Während Halloween in anderen Städten nicht mehr als ein Schulterzucken und vielleicht hier und da einen ausgehöhlten Kürbis hervorbringt, ist in München Land unter. Unzählige Halloweenparties, ob privat oder in Clubs (da ist von der Ü40 Halloween-Rockparty mit DJ Axel bis zu zur „dreckigen“ Sex-o-Ween-Party alles dabei), versammeln feierwütige Münchner, die sich vorher in Halloween-Fachgeschäften mit gruseligen Kostümen eingedeckt haben. Dazu wird Bowle gesoffen, bis die Kirschen wieder an den Bäumen hängen.
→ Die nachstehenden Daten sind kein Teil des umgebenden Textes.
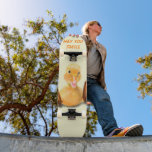 Skateboard feliz del pato amarillo - Sonríe - Tu t<br><div class="desc">Gracioso Pato Amarillo Jugador Wink Happy Smile Personalizado Dibujo y texto - Elegir / Añadir su texto único / fuente / color - Hacer su regalo especial - Redimensionar y mover o eliminar y agregar elementos / imágenes con la herramienta de personalización ! - Dibujo y diseño por MIGNED. También...</div>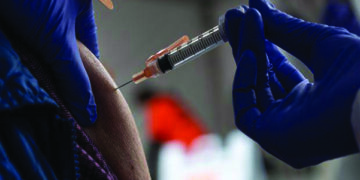Singapore monitors patients vaccinated against coronavirus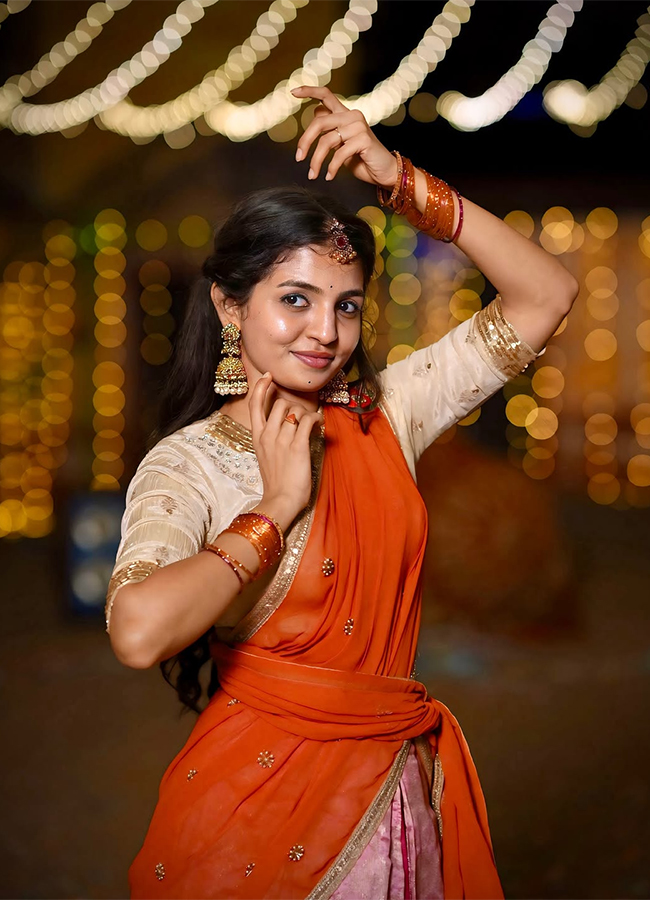Folk_20Actress_20Nagadurga_20Gutha_20Full_20Story_20Viral_20Photos__20_284_29.jpg 4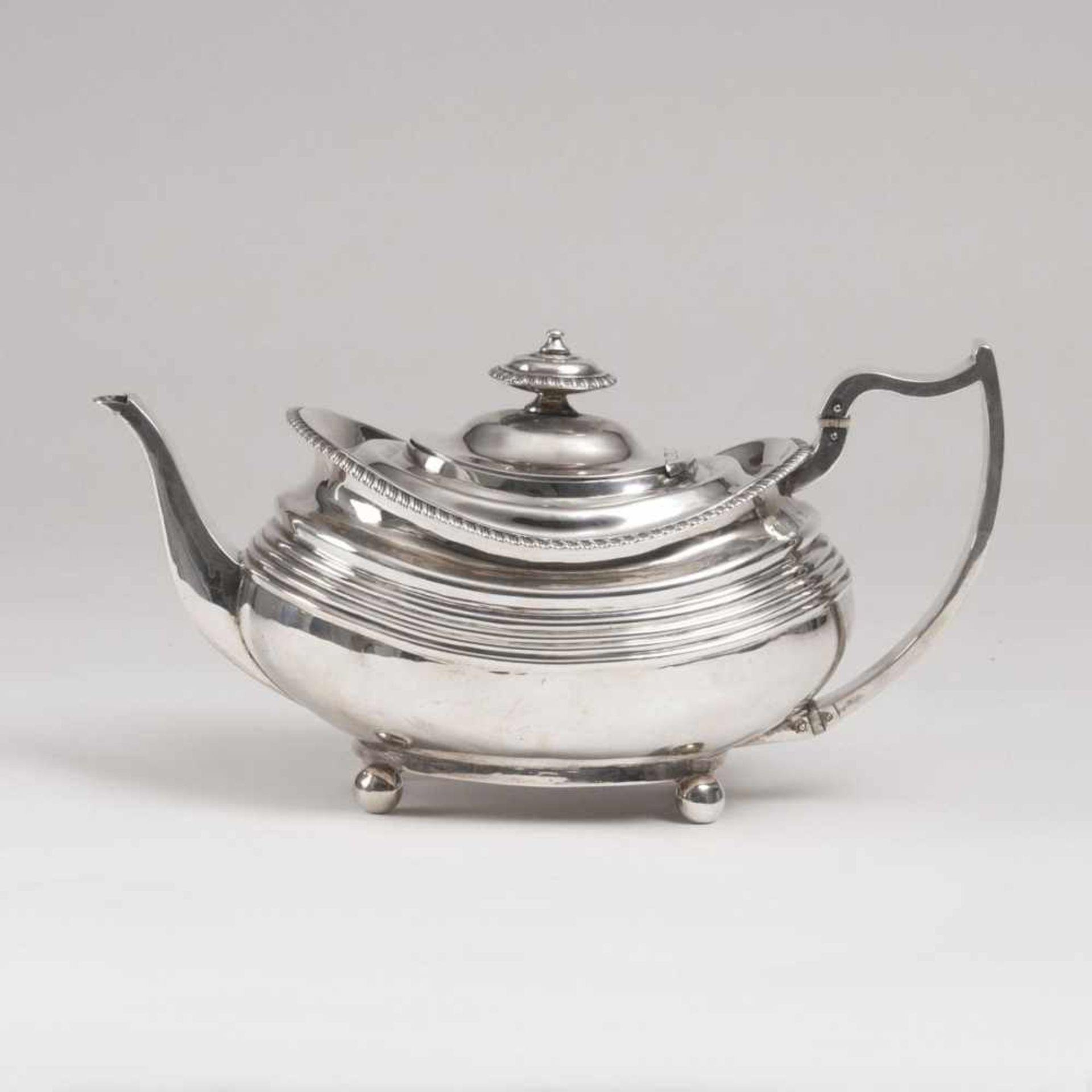 Hougham, Solomonreg. 1793 & 1812A George III. TeapotLondon, 1815-16. Silver, marked. Assaymark,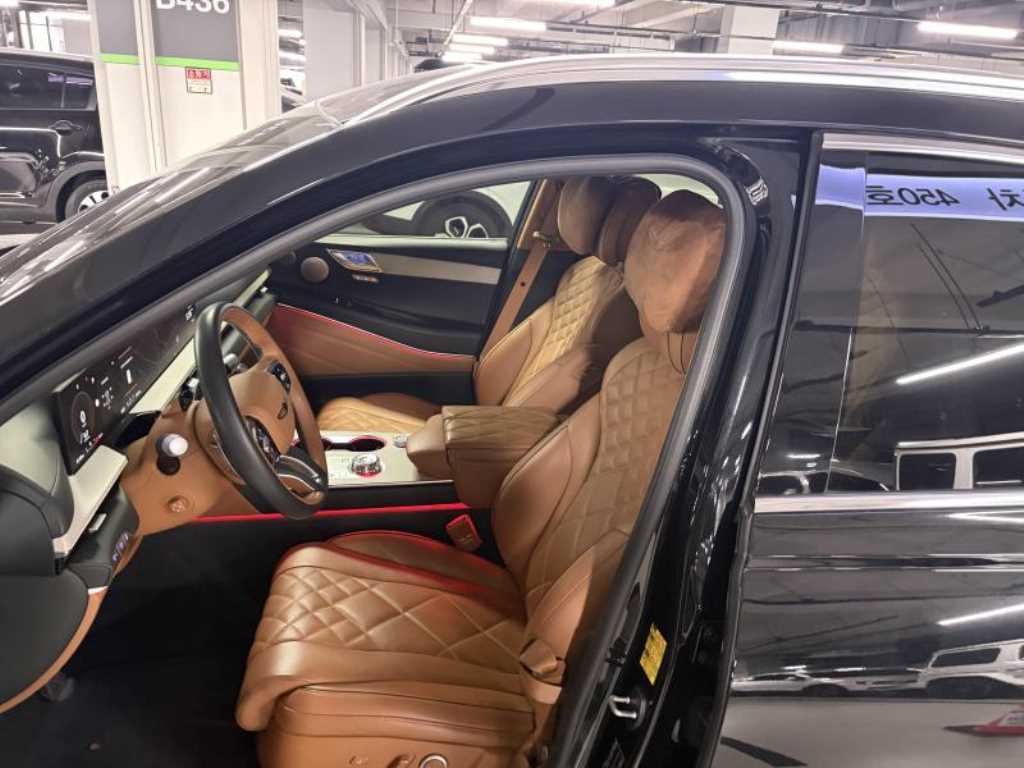 Genesis GV80 - Vista 9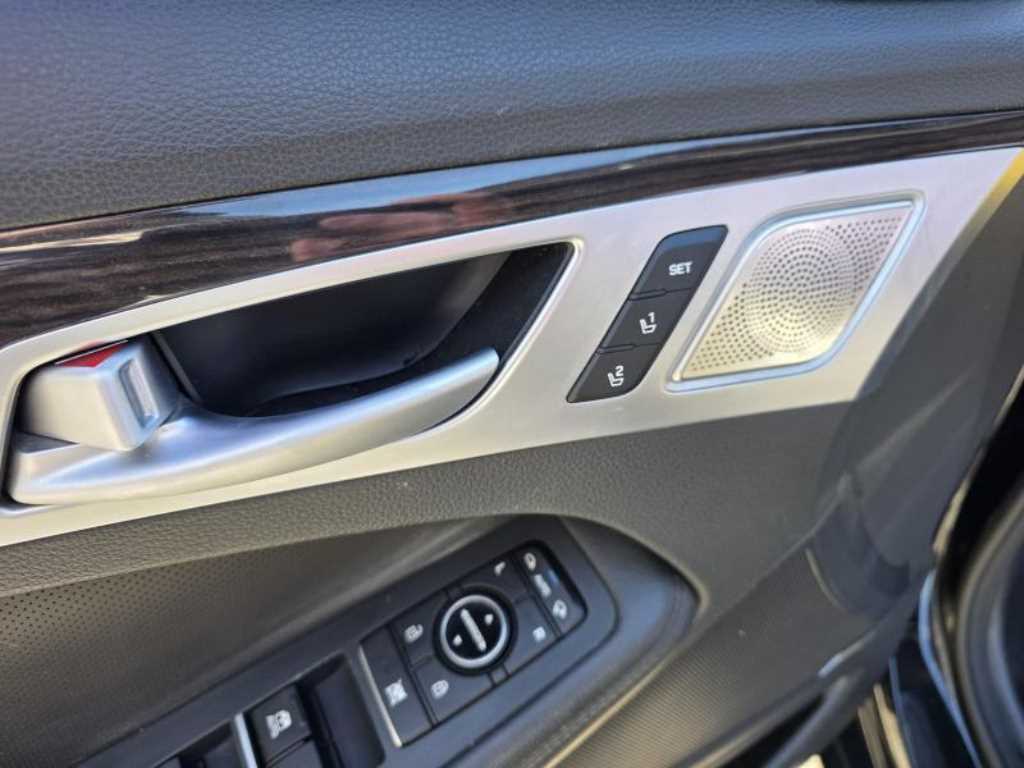 Genesis G80 2017 Negro - Importación desde Corea - HF Imports Iquique - Foto 13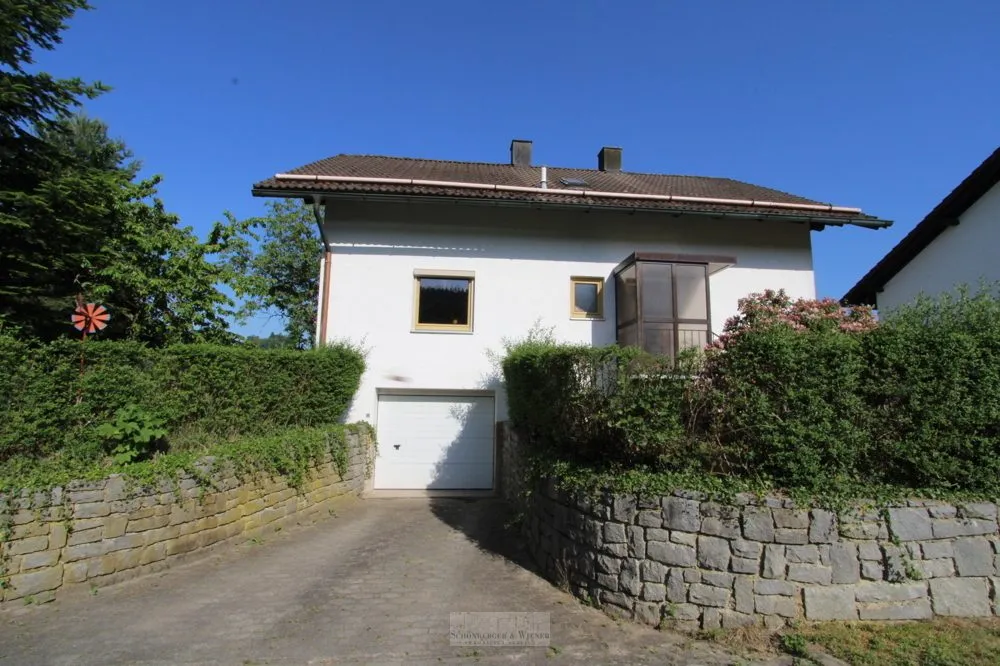 Immobilienangebot - Schwarzach - Alle - Idyllisch gelegenes Einfamilienhaus mit Potential!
Als ich frisch nach München gezogen war, ging ich in ein Piercing- und Tattoostudio, um meinen Tragus entfernen zu lassen. Ich wusste nicht, dass dieser Laden ein Hybrid aus Studio und Halloween-Shop ist und machte den Fehler, ein paar Tage vor dem 31. Oktober ebendiesen Laden aus anderen Gründen als Hallooween aufzusuchen. Vor mir stand eine sympathische Großfamilie mit sieben Kindern, die für alle Kostüme und Zubehör im Einkaufswert von circa 956,43 Euro shoppten. Die neunjährige Tochter Michelle wollte unbedingt das Kostüm „sexy Krankenschwester“ haben

Die Kleiderordnung

Überhaupt, sexy. Als ob es nicht schon bizarr genug wäre, dass in einem konservativen, katholischen Bundesland ein Fest so hochgehalten wird, das zwar irgendwie einen christlich-irischen, aber hauptsächlich einen heidnisch-keltischen Ursprung hat, wird hier aufgesext, was das Zeug hält. Ich werde nie vergessen, wie ich in meinem ersten Münchner Herbst Besuch von meiner Familie bekam. Nichtsahnend gingen wir am 31. in ein ganz normales bayerisches Lokal, in dem aber ein Dutzend Mittdreißiger Halloween feierten. Eine Dame hatte einen roten Catsuit an der so hauteng war, dass man gar nicht hinschauen wollte. Ob seiner Latexbeschaffenheit durchsichtig, konnte man ihre rote Spitzenunterwäsche durchsehen. Auch gut sind Verkleidungen, die rein gar nichts mit Grusel, Blut, Tod oder der eigenen Verblödung zu tun haben.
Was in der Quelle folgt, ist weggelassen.